Special rules limit the amount of rental expense deductions that may be taken by an investor taxpayer on a residence that is rented out for part of a year and used for personal purposes during other parts of the year according to Code Section 280A.
Number of Days in Use
If a personal residence is rented out for less than 15 days during the year, any rental income received is excluded from gross income and no rental expense deductions are allowed. However, regular expense deductions attributable to all personal residences are still available. If a residence is rented out during the year for more than 14 days, then the property will either be a personal residence, or a rental property (which could provide a deductible loss subject to the passive loss rules).

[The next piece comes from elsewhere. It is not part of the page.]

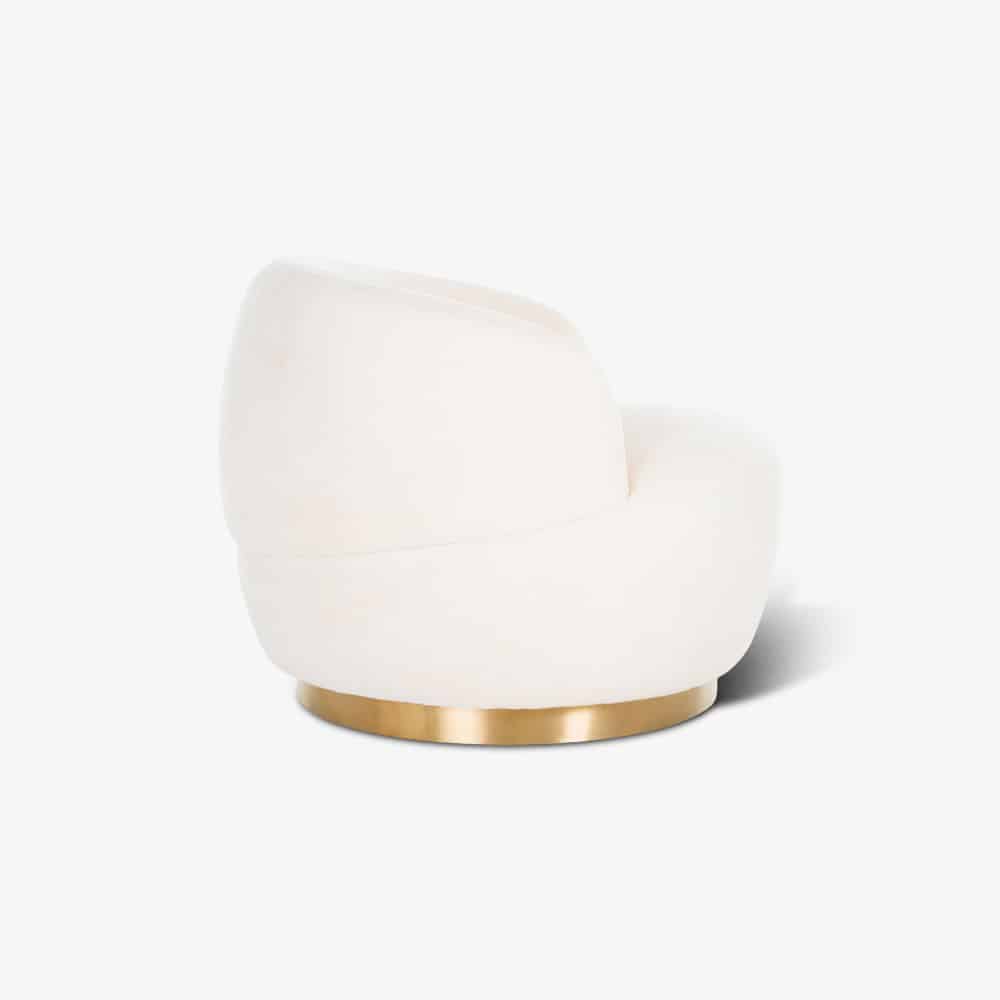 Draaifauteuil Teddy White teddy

A vacation home becomes a personal residence when its owner uses it excessively for personal purposes. Excessive personal use is measured by the greater or 14 days or 10 percent of the number of rental days. This means, if the owner personally uses the residence more than the greater or 14 days or 10 percent of rental days, then the dwelling will be a personal residence and rental losses are not deductible.

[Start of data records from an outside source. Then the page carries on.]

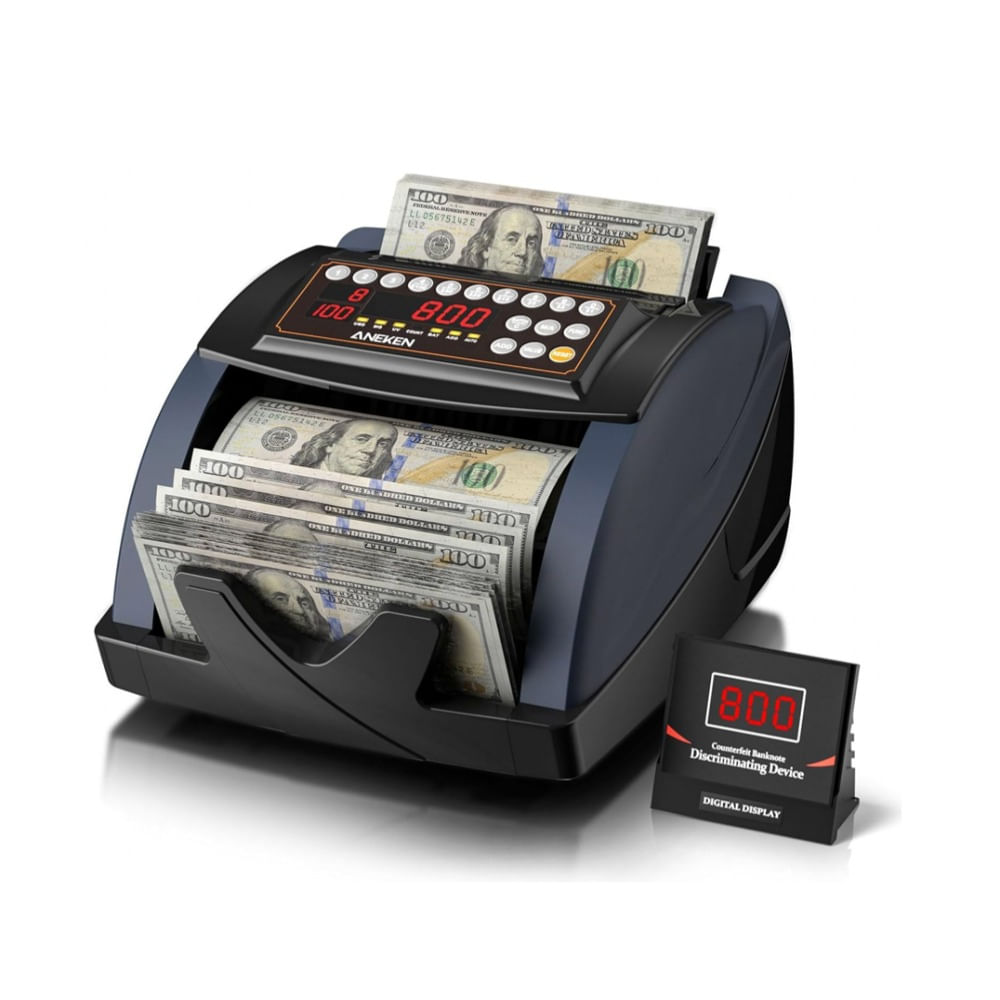 Contador de dinero Aneken para dólares y euros NO SOLES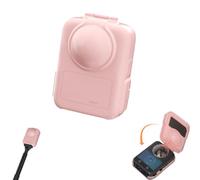 CERFFOOL - Funda protectora rígida para DJI Osmo 360 mini bolsa de transporte de plástico anticaída antiarañazos seguridad funda de almacenamiento accesorios para cámara de acción, rosa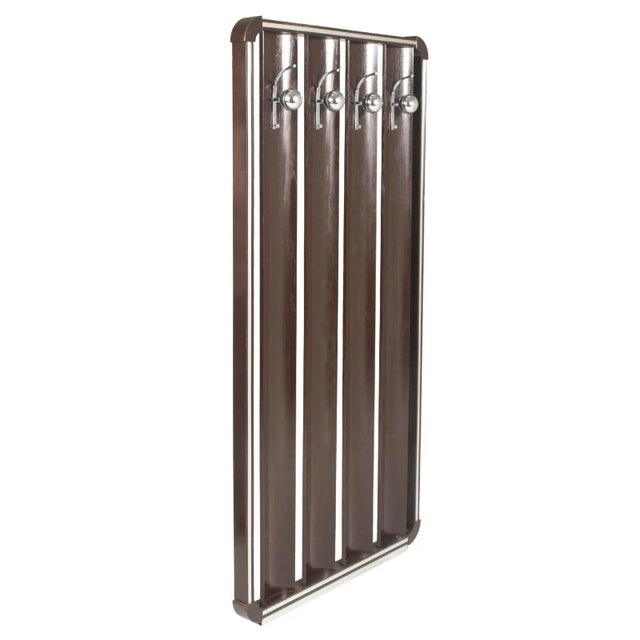 Mid-century modern elegant coat rack attributed to carlo de carli designer for fiarm (scorzè-venezia) made in vertical...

If rental expenses exceed rental income, then regular expenses (mortgage interest, property taxes, and casualty losses) are deducted first. Any remaining regular expenses are deductible as itemized deductions. Other rental expense deductions are limited to the remaining amount of rental income.
However, if an individual rents out a vacation home for more than 14 days and does not use it excessively for personal purposes, then it will be treated as rental property. That is, if the taxpayer does not use it for personal purposes for the greater of 14 days or 10 percent of rental days, then losses are allowed to be deducted for AGI (subject to the passive activity rules). If an individual actively participates in the rental real estate activity, then up to $25,000 of losses can be used to offset non-passive income.